A competência material do Juízo de Execução está consagrada no art. 129.º da Lei de Organização do Sistema Judiciário (Lei n.º 62/2013, de 26-08) nos seguintes termos:

“1 - Compete aos juízos de execução exercer, no âmbito dos processos de execução de natureza cível, as competências previstas no Código de Processo Civil.
2 - Estão excluídos do número anterior os processos atribuídos ao tribunal da propriedade intelectual, ao tribunal da concorrência, regulação e supervisão, ao tribunal marítimo, aos juízos de família e menores, aos juízos do trabalho, aos juízos de comércio, bem como as execuções de sentenças proferidas em processos de natureza criminal que, nos termos da lei processual penal, não devam correr perante um juízo cível.
3 - Para a execução das decisões proferidas pelo juízo central cível é competente o juízo de execução que seria competente se a causa não fosse da competência daquele juízo em razão do valor.”

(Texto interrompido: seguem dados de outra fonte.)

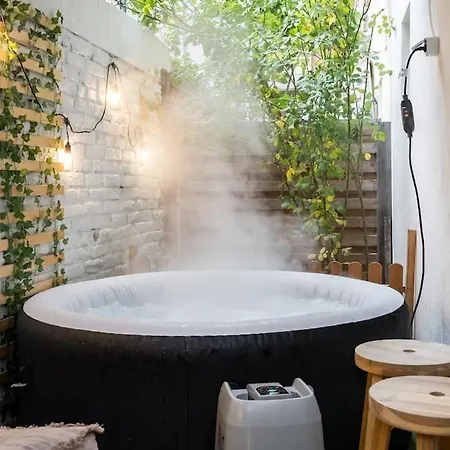 Downtown Urban Spot Jacuzzi&cinema Universitate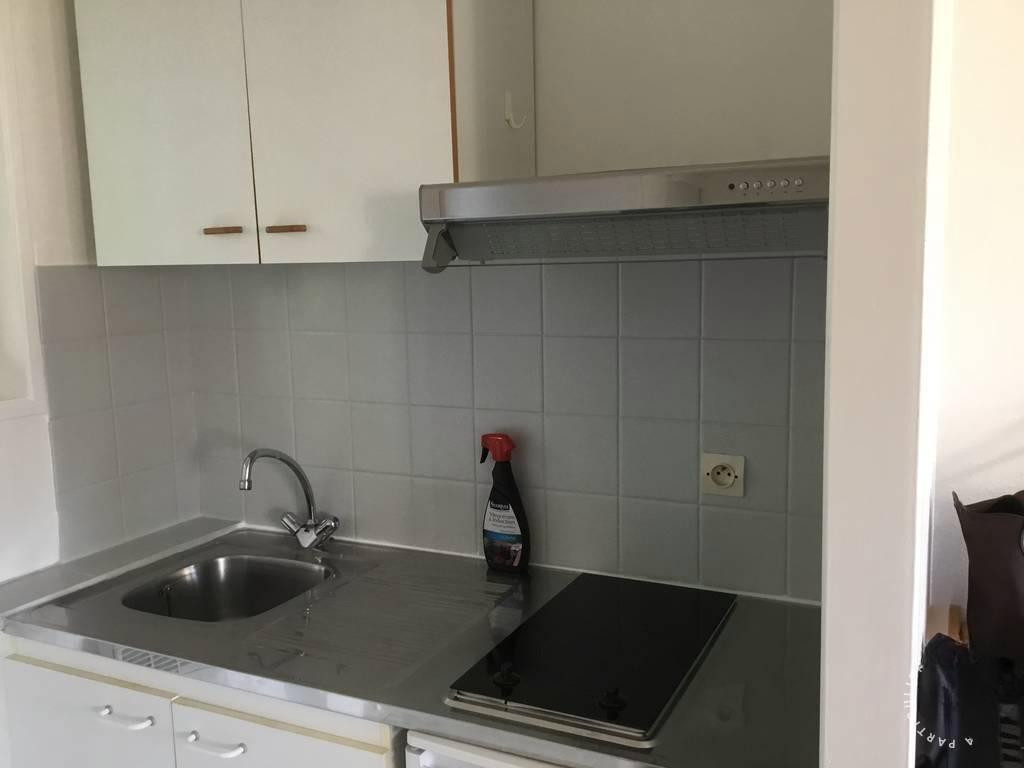 
                                                Location
                                                 Beau studio 30 m² Lille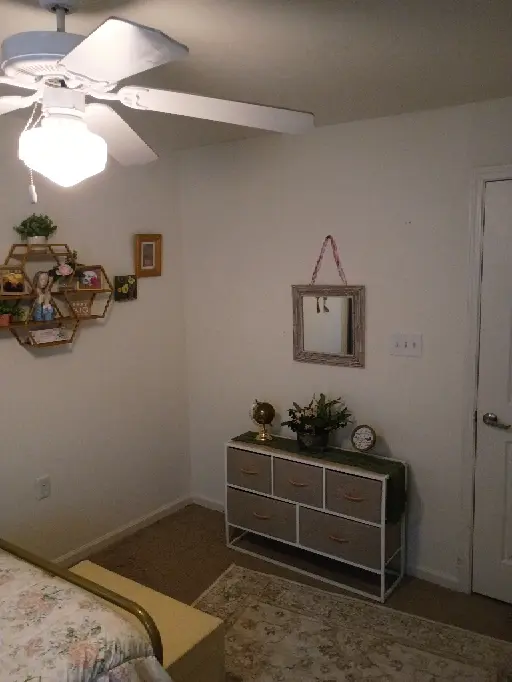 Bedroom/Private Bathroom 4 Rent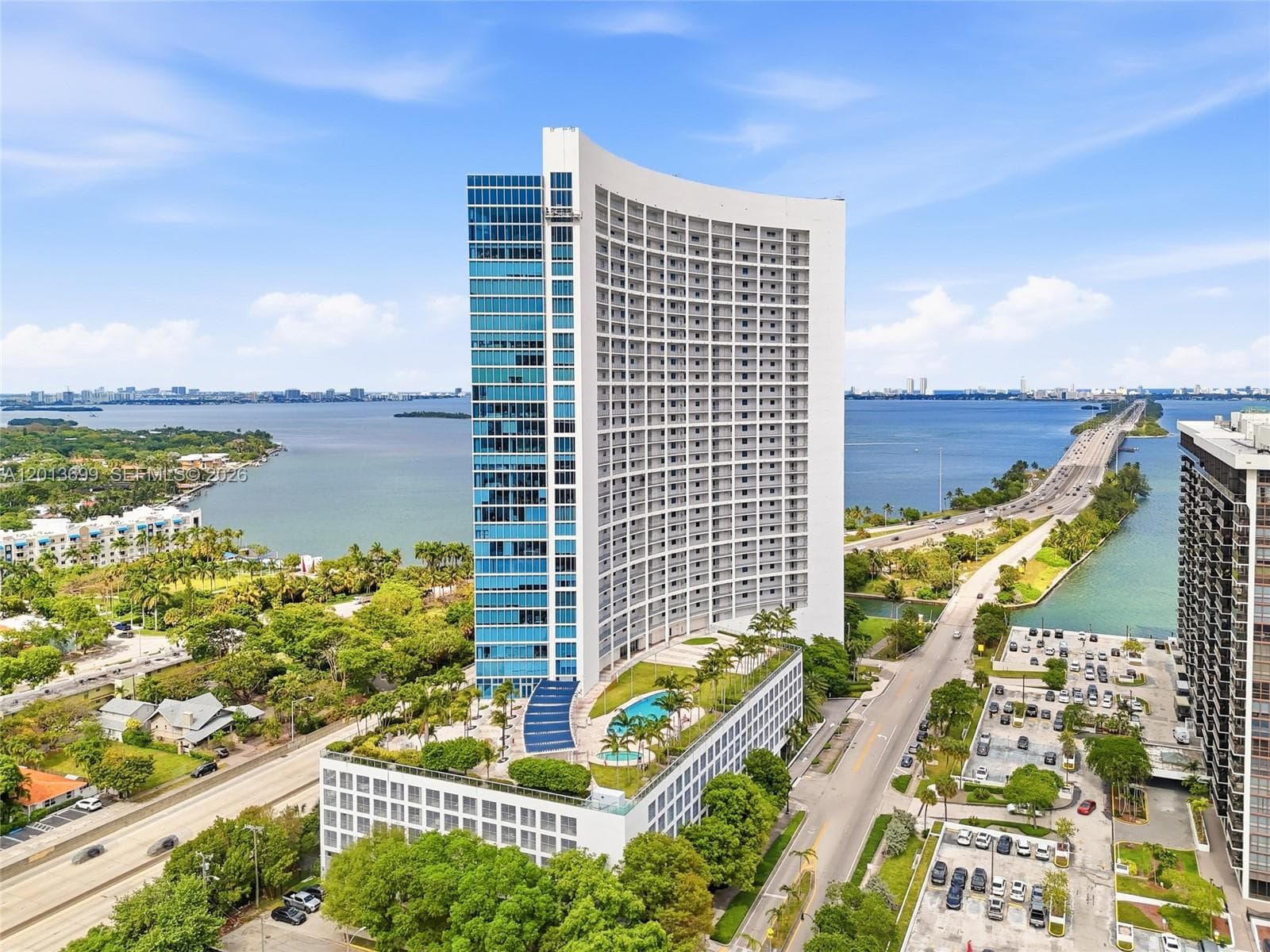 601 NE 36th St # 2707, Miami FL 33137 — 27
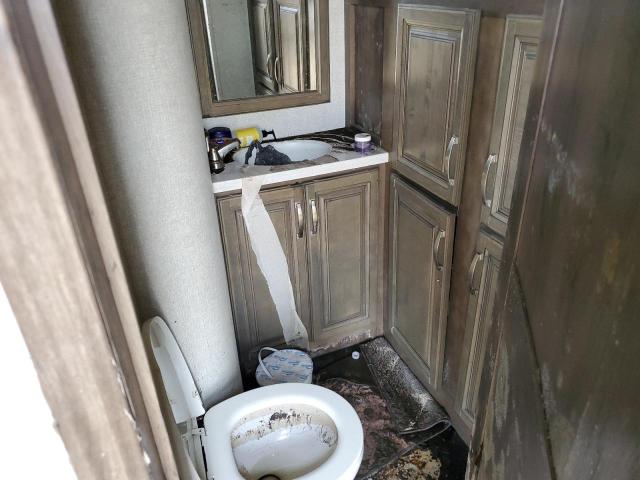 4YDF39321K4702081 - 2019 KEYSTONE TRAILER TWO TONE photo 6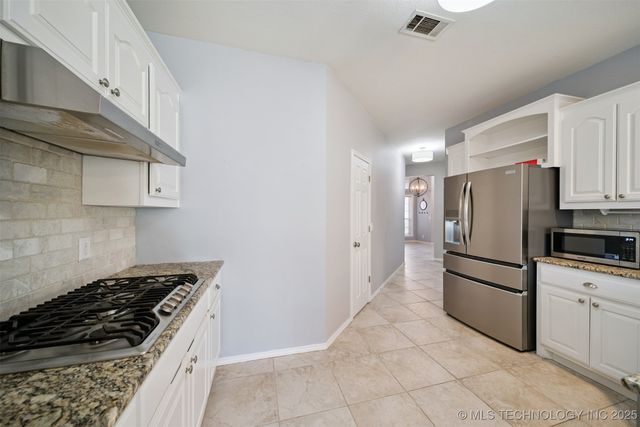 4213 S Redwood Avenue, Broken Arrow, OK 74011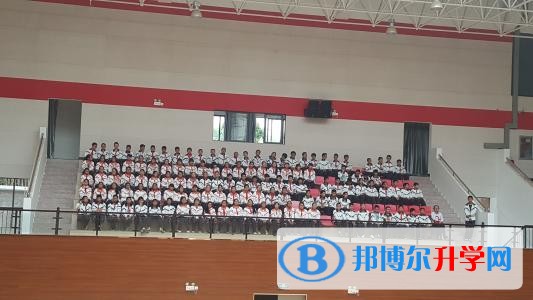 安寧市昆鋼第一中學招生辦聯系電話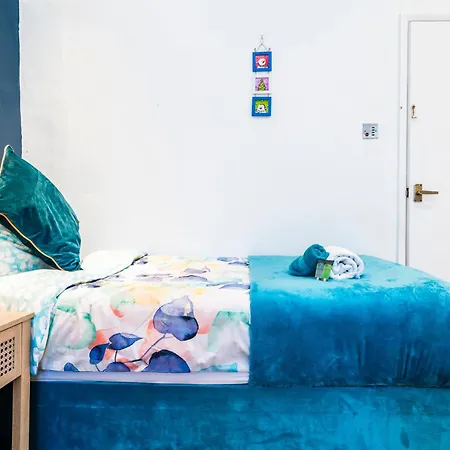 Apartment Charming Tooting Hideaway Garden, Resident Parking, Near Tooting Hospital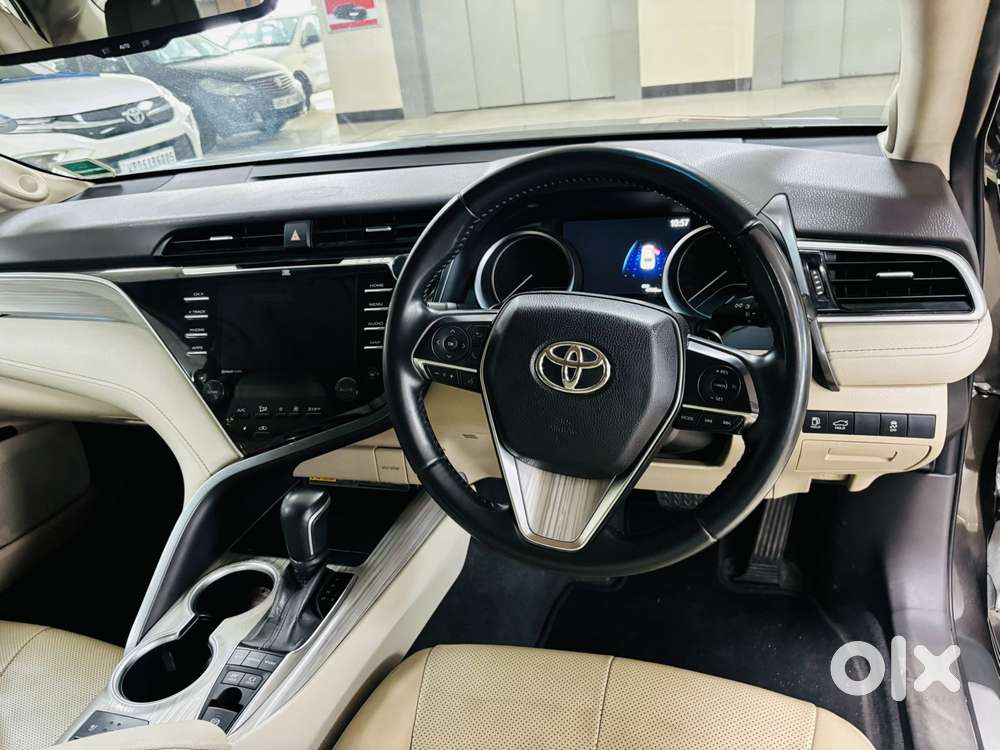 Toyota Camry Hybrid, 2019, Cng & Hybrids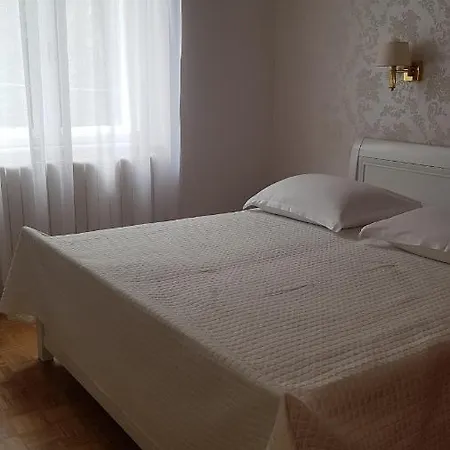 Apartment Nena With Private Free Parking Apartment *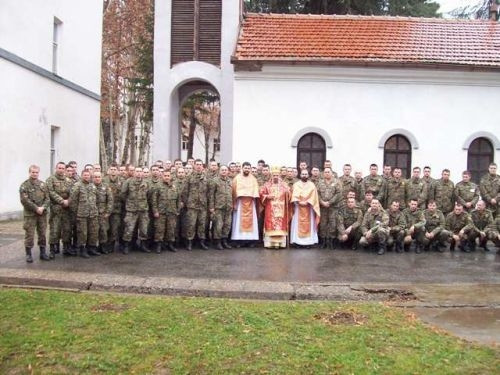Postrojavanjem jedinica obilježiće se Dan Oružanih snaga BiH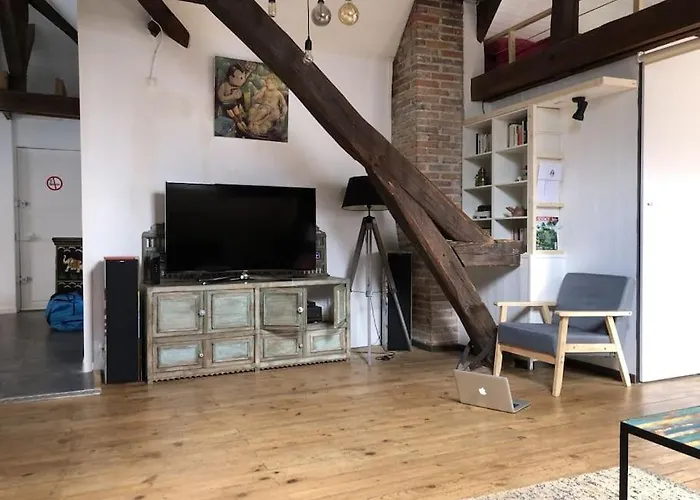 T4 Hyper Centre D' *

Impõe-se, pois, averiguar se, da lei processual civil, em particular do Código de Processo Civil e das disposições reguladoras do processo de execução (cf. artigos 703.º a 877.º), resulta que o processo de inventário seja, por conexão, da competência do Juízo de Execução, devendo correr por apenso à ação executiva pendente, ao invés de ser distribuído ao Juízo Local (face à regra da competência residual - cf. art. 130.º da LOSJ).

É sabido que a lei processual civil prevê diferentes situações de competência por conexão, estatuindo o n.º 2 do art. 206.º do CPC que as causas que por lei ou por despacho devam considerar-se dependentes de outras, ao invés de sujeitas a distribuição (cf. n.º 1 do artigo), são apensadas àquelas de que dependamPor exemplo, é o caso que decorre do disposto nos artigos 78.º, n.º 2, e 364.º, ambos do CPC, com a apensação do procedimento cautelar à ação principal de que é dependência (que pode mesmo ser uma ação executiva, conforme expressamente previsto na parte final do n.º 1 do art. 364.º).

Quanto ao processo de inventário (que, no regime vigente, pode ser notarial ou judicial), é sabido que serve os propósitos que emergem do direito substantivo, mormente dos artigos 2102.º e 2103.º do CC, preceituando o primeiro, com a epígrafe “Forma”, que:

“1 - Havendo acordo dos interessados, a partilha é realizada nas conservatórias ou por via notarial, e, em qualquer outro caso, por meio de inventário, nos termos previstos em lei especial. [...]

A “lei especial” a que se refere o Código Civil, designadamente no n.º 1 do art. 2102.º e também no art. 2053.º do CC (este relativo, precisamente, à “Aceitação a benefício de inventário”) é, desde 1 de janeiro de 2020 (e sem prejuízo das regras transitórias), a que resulta da Lei n.º 117/2019, de 13-09 (cf. art. 15.º da Lei), a qual veio, além do mais, alterar o Código de Processo Civil, em matéria de processo executivo e processo de inventário, revogando o regime jurídico do processo de inventário, aprovado pela Lei n.º 23/2013, de 05-03, e aprovando, em Anexo, o regime do inventário notarial. Assim, atualmente, o processo de inventário judicial encontra-se regulado nos artigos 1082.º e ss. do CC.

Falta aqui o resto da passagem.